According to an embodiment of a method of the invention, at least a portion of data to be processed is loaded to a buffer memory of capacity (B). The buffer memory is accessible to N processing units of a computing system. The processing task is divided into processing threads. An optimal number (n) of processing threads is determined by an optimizing unit of the computing system. The n processing threads are allocated to the processing task and executed by at least one of the N processing units. After processing by at least one of N processing units, the processed data is stored on a disk defined by disk sectors, each disk sector having storage capacity (S). The storage capacity (B) of the buffer memory is optimized to be a multiple X of sector storage capacity (S). The optimal number (n) is determined based, at least in part on N, B and S. The system and method are implementable in a multithreaded, multi-processor computing system. The stored encrypted data may be later recalled and decrypting using the same system and method.

Description

Devices and Methods for Optimizing Data-Parallel Processing in Multi-Core Computing
Systems
Cross Reference to Related Applications
[0001] This application claims priority to provisional application serial number filed February 13, 2009 the specification of which is incorporated herein by reference in its entirety.
Field of the Invention
[0002] The present invention relates generally to methods and systems for parallel processing in multi-core computing systems and more particularly to systems and methods for data-parallel processing in multi-core computing systems.
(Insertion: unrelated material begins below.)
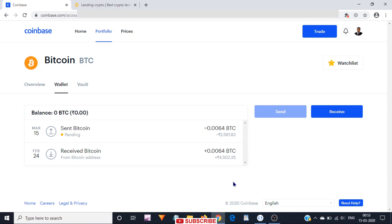That is it. This is all you need to do to send Bitcoins from Coinbase to some other place. By following the same instructions, you can send your Bitcoins to your hardware wallet, exchange, or paper wallet. Thank you very much for watching this video. For more informational videos on cryptocurrencies, please subscribe to my channel.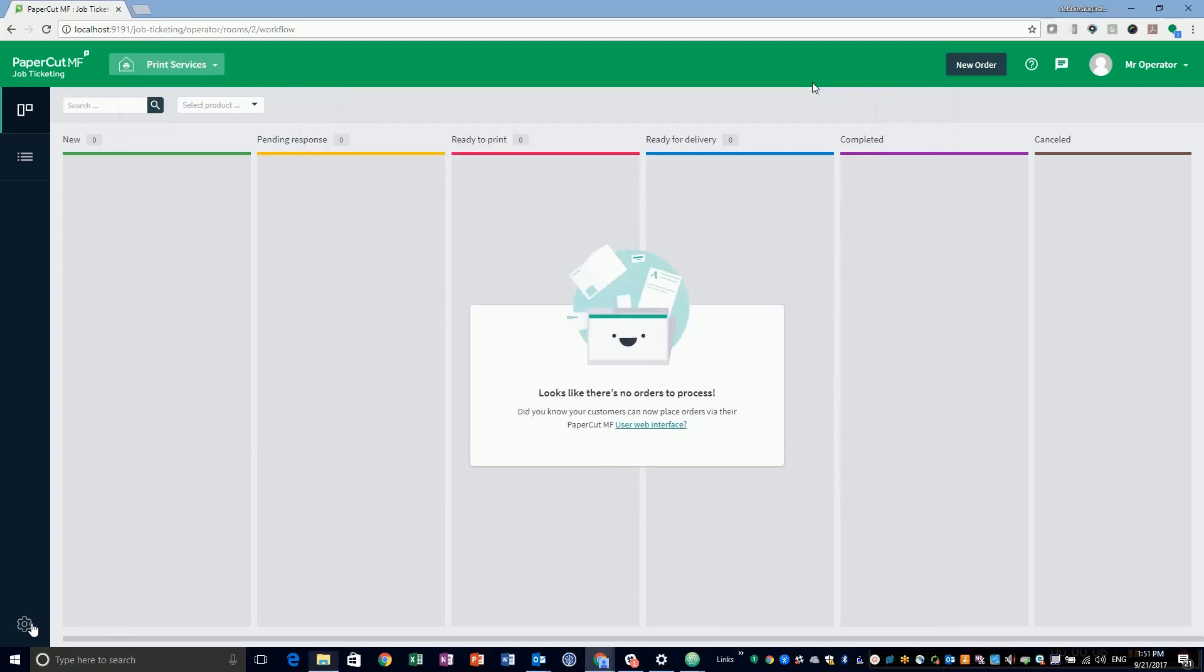To see what the new workflow looks like, you need to refresh the configuration. Job Ticketing has a built-in room configuration validator that checks the syntax of all your files. You will find it in the operator web interface under Settings.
Background of the Invention
[0003] The simultaneous use of more than one CPU or core' to execute a program or multiple computational steps is known as parallel processing. Ideally, parallel processing makes a program run faster because there are more cores running the program. There are two main techniques for decomposing a sequential program into parallel programs: (1) functional decomposition, or 'program parallel' decomposition, and (2) data decomposition, or 'data parallel' decomposition. A program parallel technique identifies independent and functionally different tasks comprising a given program. Functionally distinct threads are then executed concurrently using a plurality of cores. The term 'thread' refers to a sequence of process steps which carry out a task, or portion of a task.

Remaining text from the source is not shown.